How this skill works

The system first classifies the user's request into one of several discovery patterns (DirectQuery, TaskBased, Exploratory, MetaDiscovery, SkillSynthesis) using a Markov-chain based intent classifier. It then runs an appropriate search strategy: keyword lookup, semantic expansion, category browsing, or pipeline aggregation.
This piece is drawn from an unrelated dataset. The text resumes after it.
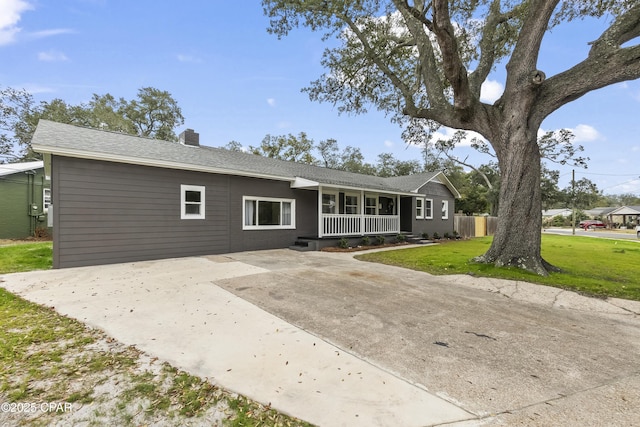 single story home with a front yard and covered porch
Results are Pareto-ranked across relevance, popularity, recency, and diversity, deduplicated, and shown progressively (top 3 by default, deeper layers on demand). For synthesis requests it composes candidate skills into a staged pipeline with short instructions per stage.

When to use it

When you ask to find or search for skills or capabilities
When you describe a task or problem that needs a specialized skill
When you want to browse or explore available skills or popular categories
When you ask meta-questions about how to find skills or improve discovery
When no single existing skill matches and you want a synthesized pipeline of skills

Best practices

Provide explicit keywords or a concise task description to improve classification confidence
If results are sparse, request semantic expansion or broader category browsing
Ask "tell me more" to get Depth 1 expansions (full descriptions, install commands, related skills)
Use synthesis requests to get a short, staged pipeline when you need a composed workflow
Request alternative ranking modes (popularity or exploration) if you prefer different tradeoffs

Example use cases

Find top skills for "testing" and get quick install instructions
Give a task description like "improve frontend UX" and receive semantically expanded matches
Browse popular skills by category (Development, Design, Workflows, Meta, Deployment)
Ask "how do I find skills?" to see the discovery process with recommendations
Request a synthesized pipeline for a complex workflow, e.g., "improve code quality"

FAQ

How many results do you show by default?

Depth 0 presents the top 3 skills; you can request "tell me more" to expand to Depth 1 and beyond.

What if no skills match my query?

The system tries semantic expansion, broadens to category browsing, suggests alternate keywords, and can fall back to popular skills from cache.